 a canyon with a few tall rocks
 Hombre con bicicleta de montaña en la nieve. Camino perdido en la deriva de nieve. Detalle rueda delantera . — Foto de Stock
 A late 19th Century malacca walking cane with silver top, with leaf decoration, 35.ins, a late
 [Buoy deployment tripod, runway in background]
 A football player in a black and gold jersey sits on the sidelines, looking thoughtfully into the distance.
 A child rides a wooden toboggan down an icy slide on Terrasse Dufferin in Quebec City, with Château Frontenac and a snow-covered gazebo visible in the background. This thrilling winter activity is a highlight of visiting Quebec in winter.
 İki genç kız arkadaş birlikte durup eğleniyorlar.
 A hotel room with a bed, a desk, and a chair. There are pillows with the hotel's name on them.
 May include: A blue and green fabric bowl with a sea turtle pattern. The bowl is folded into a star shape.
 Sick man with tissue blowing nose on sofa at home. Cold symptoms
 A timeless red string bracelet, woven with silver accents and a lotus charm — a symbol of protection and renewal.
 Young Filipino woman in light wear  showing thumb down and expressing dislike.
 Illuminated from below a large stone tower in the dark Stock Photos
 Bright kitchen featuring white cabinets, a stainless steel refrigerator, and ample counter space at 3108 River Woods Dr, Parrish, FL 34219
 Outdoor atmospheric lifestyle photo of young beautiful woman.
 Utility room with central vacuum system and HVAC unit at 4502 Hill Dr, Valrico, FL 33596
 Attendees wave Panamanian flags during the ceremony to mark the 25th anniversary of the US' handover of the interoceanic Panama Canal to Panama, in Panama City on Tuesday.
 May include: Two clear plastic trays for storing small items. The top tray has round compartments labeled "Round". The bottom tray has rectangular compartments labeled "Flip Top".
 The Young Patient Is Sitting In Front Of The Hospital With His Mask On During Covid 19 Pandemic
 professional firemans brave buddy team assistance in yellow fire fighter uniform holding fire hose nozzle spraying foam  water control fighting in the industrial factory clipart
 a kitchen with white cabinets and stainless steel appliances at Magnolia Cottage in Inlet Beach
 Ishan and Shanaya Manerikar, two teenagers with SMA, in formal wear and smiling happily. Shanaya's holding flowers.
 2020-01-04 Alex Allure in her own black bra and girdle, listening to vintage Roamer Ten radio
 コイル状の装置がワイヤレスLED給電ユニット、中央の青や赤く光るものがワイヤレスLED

[Exercise description] Set down exactly the lines from the start of the records to the line with "A hotel room". Include that line, and add nothing more.

[Worked solution]
 a canyon with a few tall rocks
 Hombre con bicicleta de montaña en la nieve. Camino perdido en la deriva de nieve. Detalle rueda delantera . — Foto de Stock
 A late 19th Century malacca walking cane with silver top, with leaf decoration, 35.ins, a late
 [Buoy deployment tripod, runway in background]
 A football player in a black and gold jersey sits on the sidelines, looking thoughtfully into the distance.
 A child rides a wooden toboggan down an icy slide on Terrasse Dufferin in Quebec City, with Château Frontenac and a snow-covered gazebo visible in the background. This thrilling winter activity is a highlight of visiting Quebec in winter.
 İki genç kız arkadaş birlikte durup eğleniyorlar.
 A hotel room with a bed, a desk, and a chair. There are pillows with the hotel's name on them.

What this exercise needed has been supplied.